Functionalism and Strong AI

Philosophers have long debated what it means to have a mind that is capable of having mental states, like thoughts or feelings. One view that was particularly popular in the late 20th century was called “functionalism”.

Functionalism states that a mental state is not defined by how it’s produced, such as requiring that it must be the product of a brain in action. It is also not defined by what it feels like, such as requiring that pain have a particular unpleasant sensation. Instead, functionalism says that a mental state is defined by what it does.

This means that if something produces the same aversive response that pain does in us, even if it is done by a computer rather than a brain, then it is just as much a mental state as it is when a human experiences pain.

Functionalism is related to a view that Searle called “Strong AI”. This view says that if we produce a computer that behaves and responds to stimuli in exactly the same way that a human would, then we should consider that computer to have genuine mental states. “Weak AI”, on the other hand, simply claims that all such a computer is doing is simulating mental states.

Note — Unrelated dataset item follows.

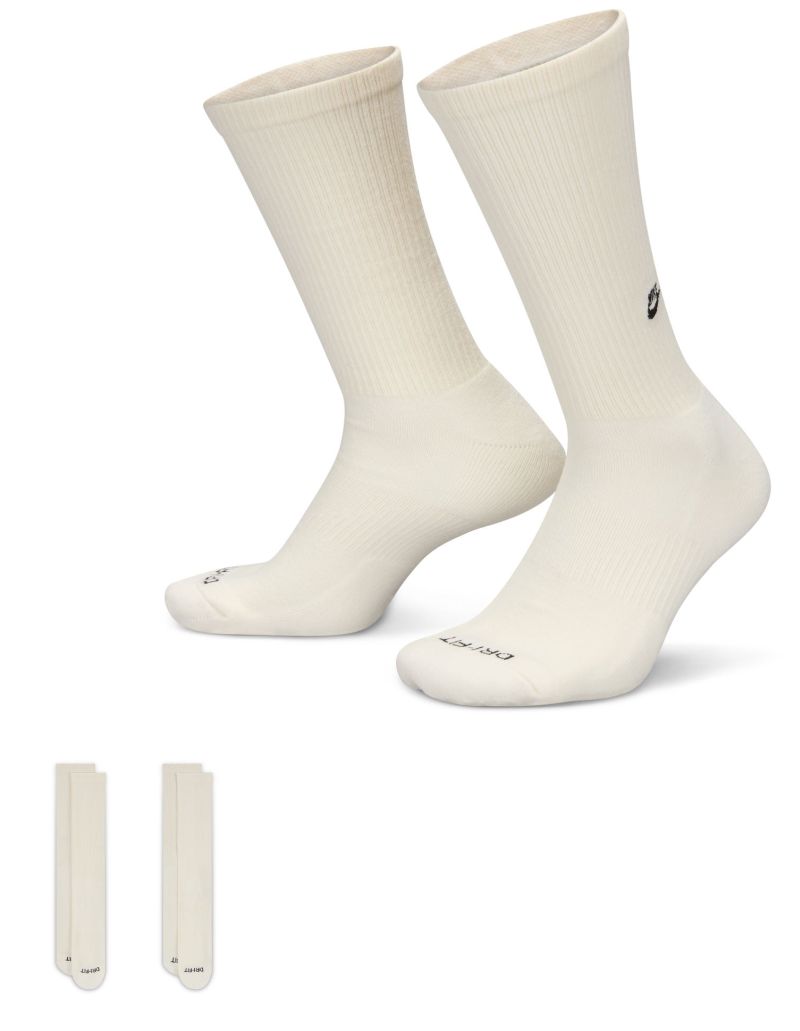 AURORA_FZ3073-133_PHCFH001-2000 Nike Everyday Cushioned 2P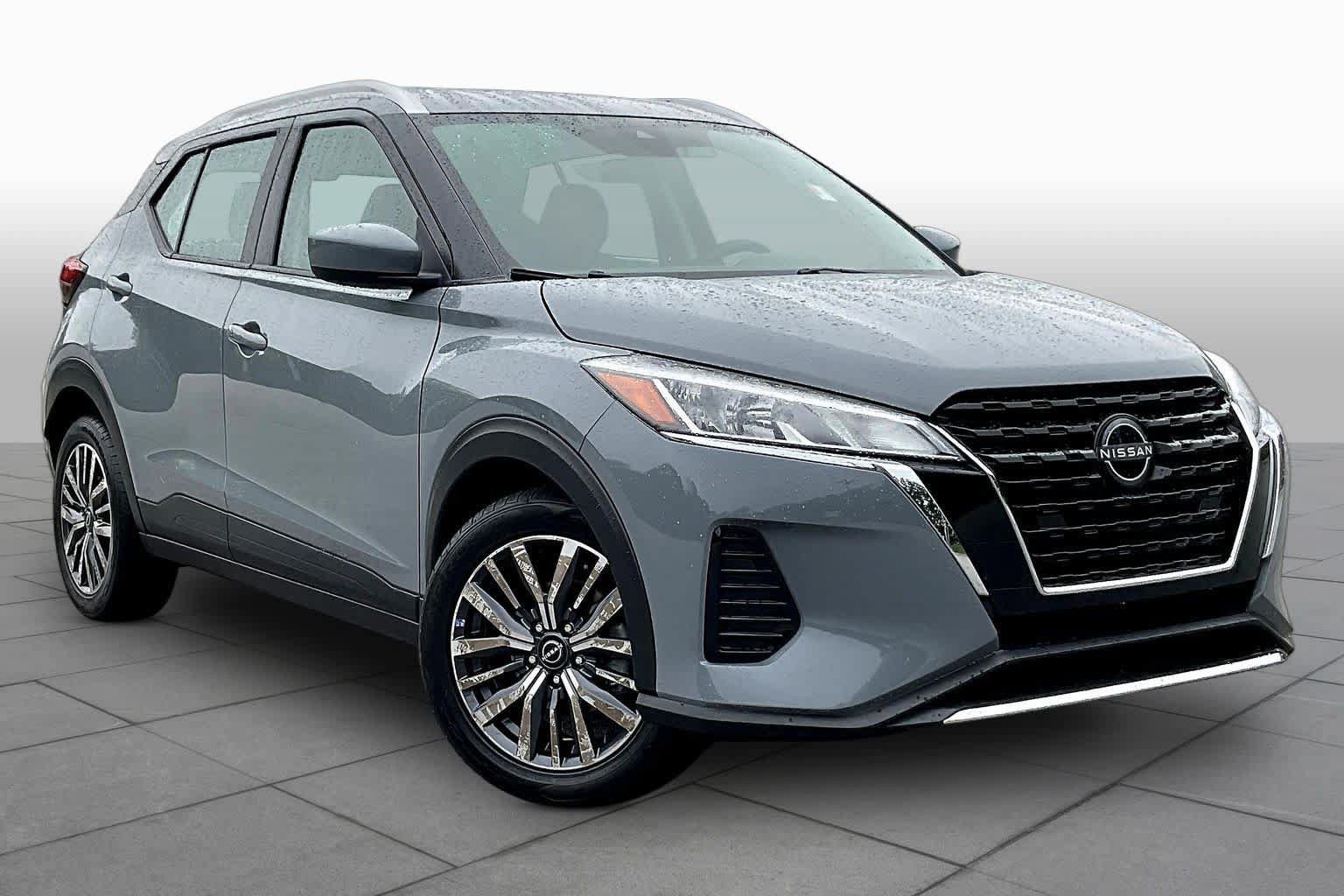 Used 2024 Nissan Kicks SV FWD image 3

Searle offered the Chinese room thought experiment to show that being able to answer a question intelligently is not sufficient to prove Strong AI. It could be that the computer is functionally proficient in speaking Chinese without actually understanding Chinese.

ChatGPT room

While the Chinese room remained a much-debated thought experiment in philosophy for over 40 years, today we can all see the experiment made real whenever we log into Chat GPT. Large language models like ChatGPT are the Chinese room argument made real. They are incredibly sophisticated versions of the filing cabinet, reflecting the corpus of text upon which they’re trained, and the instructions, representing the probabilities used to decide how to pick which character or word to display next.

So even if we feel that ChatGPT – or a future more capable LLM – understands what it’s saying, if we believe that the person in the Chinese room doesn’t understand Chinese, and that LLMs operate in much the same way as the Chinese room, then we must conclude that it doesn’t really understand what it’s saying.

This observation has relevance for ethical considerations as well. If we believe that genuine ethical action requires the actor to have certain mental states, like intentions or beliefs, or that ethics requires the individual to possess certain virtues, like integrity or honesty – then we might conclude that a LLM is incapable of being genuinely ethical if it lacks these things.

A LLM might still be able to express ethical statements and follow prescribed ethical guidelines imposed by its creators – as has been the case in the creators of ChatGPT limiting its responses around sensitive topics such as racism, violence and self-harm – but even if it looks like it has its own ethical beliefs and convictions, that could be an illusion similar to the Chinese room.